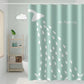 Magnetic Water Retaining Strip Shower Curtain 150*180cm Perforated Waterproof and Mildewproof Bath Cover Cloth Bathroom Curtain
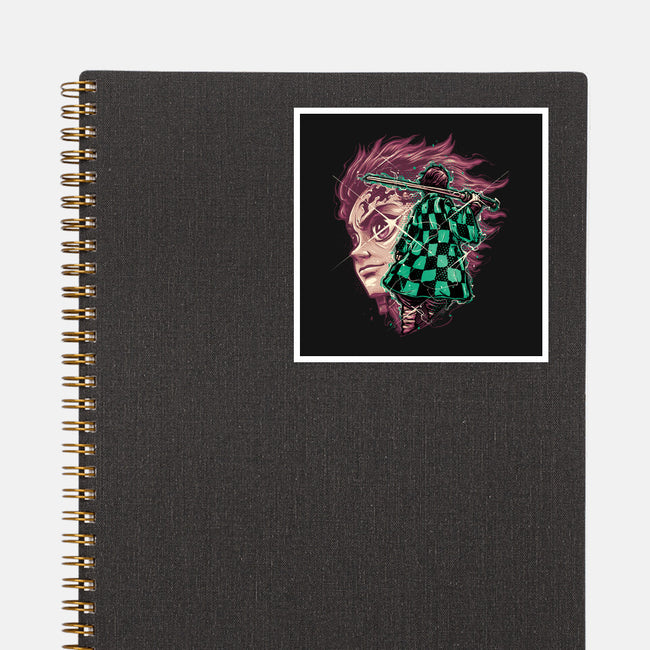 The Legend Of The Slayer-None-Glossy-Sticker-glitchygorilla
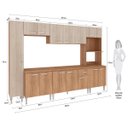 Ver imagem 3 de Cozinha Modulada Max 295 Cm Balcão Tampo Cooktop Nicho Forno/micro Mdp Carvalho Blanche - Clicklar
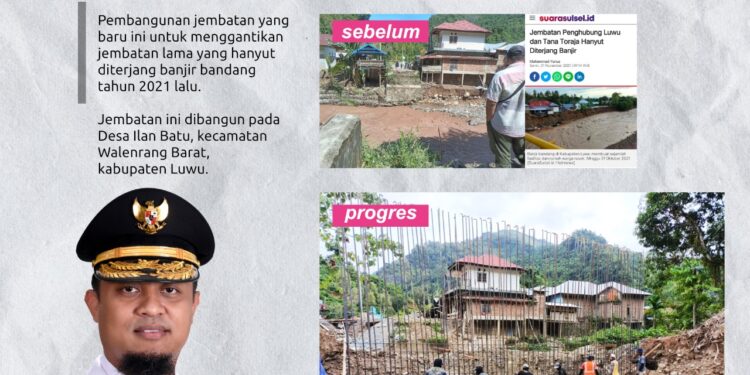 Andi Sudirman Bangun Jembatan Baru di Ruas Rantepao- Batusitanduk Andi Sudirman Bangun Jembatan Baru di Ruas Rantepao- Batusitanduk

----

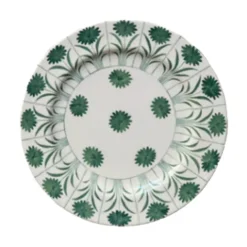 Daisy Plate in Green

----

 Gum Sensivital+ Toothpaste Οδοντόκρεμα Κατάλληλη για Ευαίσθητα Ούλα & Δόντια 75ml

----

Problem details => Write out exactly the run of lines above that starts at the line containing "The Legend Of" and ends at the line containing "Rantepao- Batusitanduk Andi". Include both, and leave the pictures out.

Solution to this exercise =>
 The Legend Of The Slayer-None-Glossy-Sticker-glitchygorilla
 Ver imagem 3 de Cozinha Modulada Max 295 Cm Balcão Tampo Cooktop Nicho Forno/micro Mdp Carvalho Blanche - Clicklar
 Andi Sudirman Bangun Jembatan Baru di Ruas Rantepao- Batusitanduk Andi Sudirman Bangun Jembatan Baru di Ruas Rantepao- Batusitanduk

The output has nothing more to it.